85 dead and wounded in a suicide attack in Afghanistan[/size] Twilight News
3 hours ago
At least 32 people were killed and 53 others injured in a terrorist bombing on Sunday in the capital of Nangarhar state of Jalalabad, local media reported.
The result has not been confirmed or denied by the authorities in the region, where media reports previously reported the deaths of 17 people and about 50 wounded from the attack.
The media office of the governor of Nangarhar said a suicide bomber blew up his explosive device amid a crowd of people celebrating the last days of Eid al-Fitr near the governor's headquarters.
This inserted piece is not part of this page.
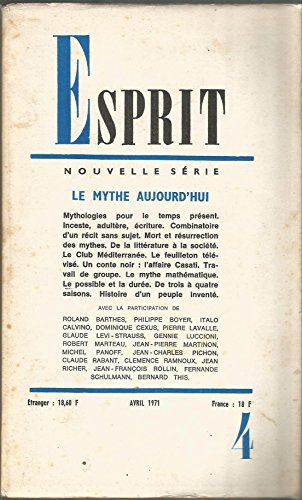 esprit : le mythe aujourd'hui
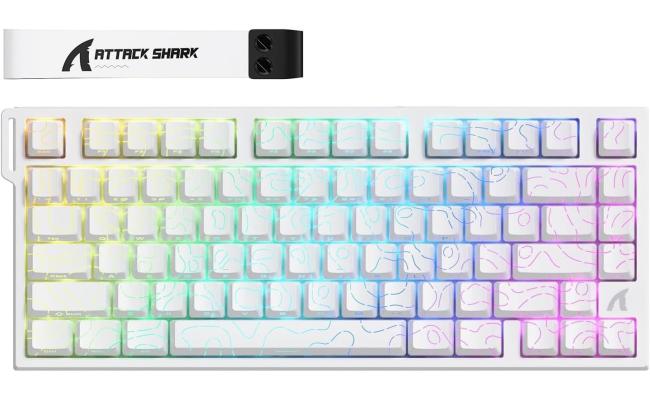 ATTACK SHARK R82HE Rapid Trigger Wired Mechanical Gaming Keyboard TKL NKRO with 8K Polling,0.005mm RT Accuracy,256K Scan Rate,5 Layer Sound Damped,Hall Effect Magnetic Switch for PC Mac(White Contour)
No one has yet claimed responsibility for the bombing, but a car bomb on Saturday in the same state killed 36 people.
For its part, the Taliban movement denied responsibility for the incident.
The terrorist organization called on the terrorist through his propaganda to be responsible for the attack, claiming it had been carried out by a suicide bomber.
This comes at a time when dozens of elements of the "Taliban" Afghan cities to celebrate Eid al-Fitr, after the announcement of the temporary cease-fire between them and security elements, in an unprecedented step.
On Saturday, a car bomb attack in Nankarhar, also carried out by a suicide bomber and adopted by "Daash", killed 36 people and injured more than 65 others. Among the victims were members of the Taliban movement who benefited from the truce announced by the authorities to participate in the celebrations, and local residents.
The Afghan president's initiative to extend the truce unilaterally has been criticized by various quarters. "We have no mechanisms to contain the consequences of the Taliban's breach of the ceasefire," said the former head of Afghanistan's National Security Directorate, Umarullah Salih, who said the head of state had committed a "big mistake" by giving the Taliban access to areas controlled by the government.
Opposition MPs told President Ghani that he had made his decision without consulting other politicians, and his fate would be without help if the Taliban violated the truce.
A Western diplomat in Kabul described the president's initiative as "a bold step," but he wondered what would happen if the Taliban refused to extend the truce with the government. "This will lead to catastrophic consequences.